Several factors, and particularly medicaments and dietary supplements, may alter significantly the one-carbon metabolism. One example is that of metformin, an antidiabetic and gerosuppressant drug that has been suggested to work against AD, even if with conflicting results [63,64]. Indeed, metformin was shown to impair one-carbon metabolism in a manner similar to the antifolate class of chemotherapy drugs [65,66]. Other factors that could affect folate metabolism in aged individuals are dietary supplements containing folate, B-vitamins, or similar [67]. In order to minimize the effect of polymedication in our cohort of subjects, biochemical measurements of folate, hcy, and vitamin B12 were performed during the first visit and most of the subjects were not regularly taking supplements known to interfere with this pathway. In the case of individuals taking medicaments or supplements known or suspected to interfere with one-carbon metabolism, they were interrupted for one month before blood drawings. If this was not possible, the subject was not enrolled for the study.

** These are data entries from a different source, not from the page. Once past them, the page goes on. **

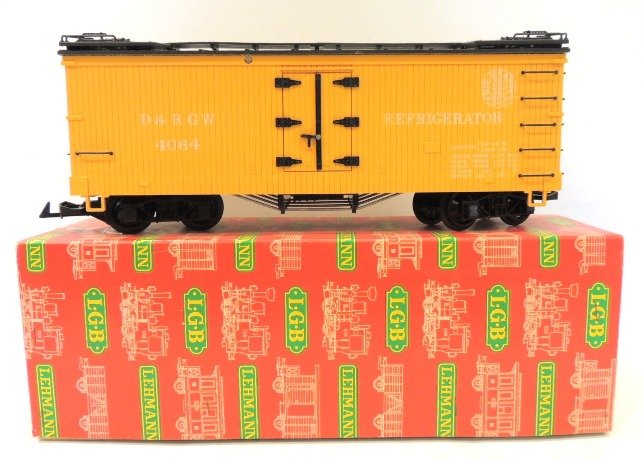 L.G.B. yellow train refrigerator 4064 with red box: made in Western Germany; box:5"w x 17.5"l x 6.25"h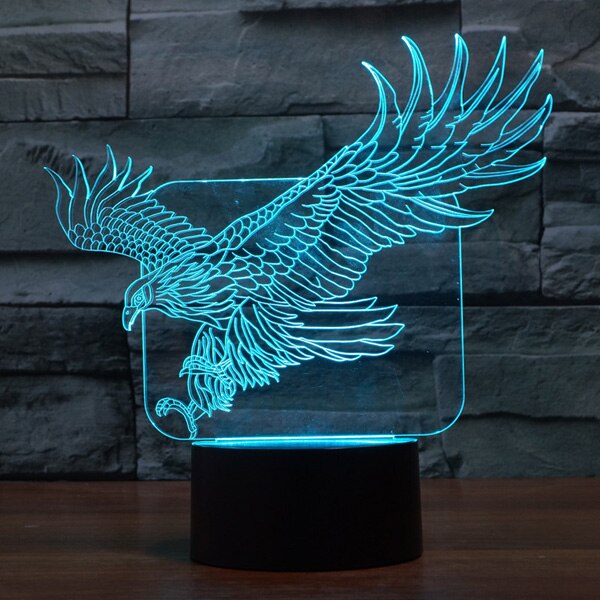 Aigle oiseau pic perroquet Animal acrylique 7 couleur lampe de bureau 3D lampe nouveauté LED veilleuse millénium faucon lumière: 2 / 16 color with remote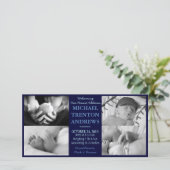 Baby Blue Geboorteaankondiging Collage (jongen) Aankondiging (Staand voorkant)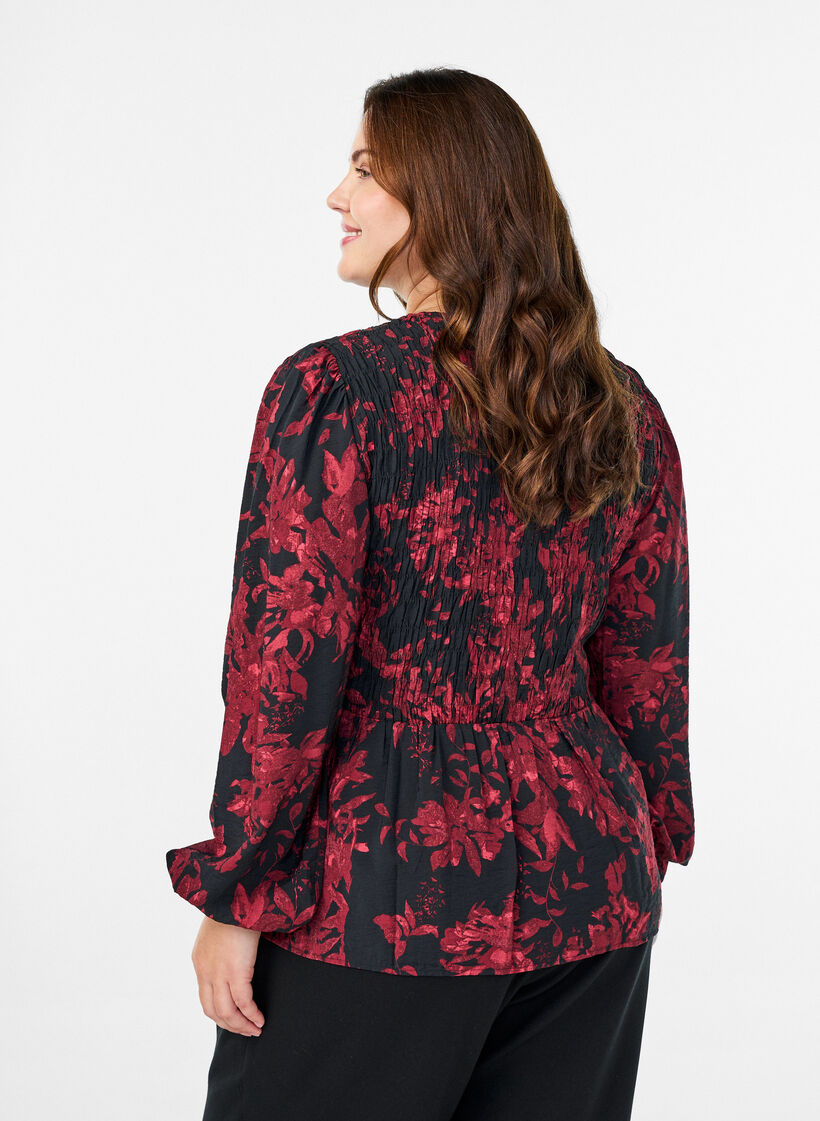 Blouse met smock en lange mouwen, Zwart, Model image number 2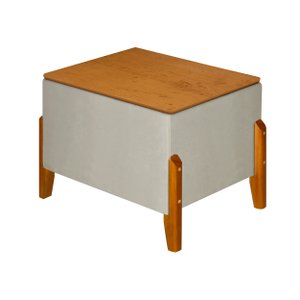 Puff Báu Retro Estofado Premium para Sala e Quarto Recamier Moderno Closet Retro Cor Bege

Present results are indicative of a possible contribution of one-carbon metabolism variables as an additional tool to help during AD diagnosis. At this regard, a recent report from the Vienna Transdanube aging study suggests that high cortisol and low folate levels are the only routine blood tests predicting probable AD after age 75-years, thereby stressing on the utility of a deeper understanding of folate metabolism in AD pathogenesis [68]. Indeed, authors followed 493 persons who were cognitively healthy at baseline for a period of 90 months, and observed that a serum folate increment of 10 ng/mL reduced the risk of switching to probable AD to one-third [68]. Present data revealing that reduced folates are the most related variable linked to AD in our cohort are in strong agreement with that study, but we must stress that biochemical markers alone can be useful, but not sufficient to fully discriminate between AD and control subjects. However, their combination with neural correlates and imaging data, as well as with other markers of the disease such as cerebrospinal fluid markers, might be really useful within this context.

Conclusions

The present study represents the first attempt to use ANNs the understand folate metabolism in AD and healthy matched control subjects, and reveals the importance to evaluate this pathway as a whole rather than to take into consideration its components one at once. Among 30 initial variables of the pathway, 16 of them seem to contain significant information to discriminate between AD and control subjects in our cohort, and the semantic connectivity map here generated reveals both already known and novel connections among variables and disease risk (Figure 3). Of particular interest are variables, such as TYMS and DNMT3B genotypes, that albeit not previously detected in genetic association studies might play a significant contribution when considering the complexity of interactions with other variables of this pathway. Though we achieved good results using ANNs for our small dataset, results are not necessarily generalizable to other populations but need to be validated independently in future studies. Differences might arise from a population to another one, due to different dietary habits or to a different distribution of the studied polymorphisms and other geographic factors. However, our system is able to understand the connections among studied variables and those of relevance in a particular dataset. The addiction of other variables, such as brain volume, DNA methylation content, DNA damage, and so on, coupled with the possibility to graphically visualize the strengths of connections among all the studied variables, could be a helpful and timely tool to unravel the link between folate metabolism and AD, particularly in a period when nutritional supplementation has been often suggested as a preventative strategy to delay epigenetic modifications linked to the onset of age-related disease such as AD [69].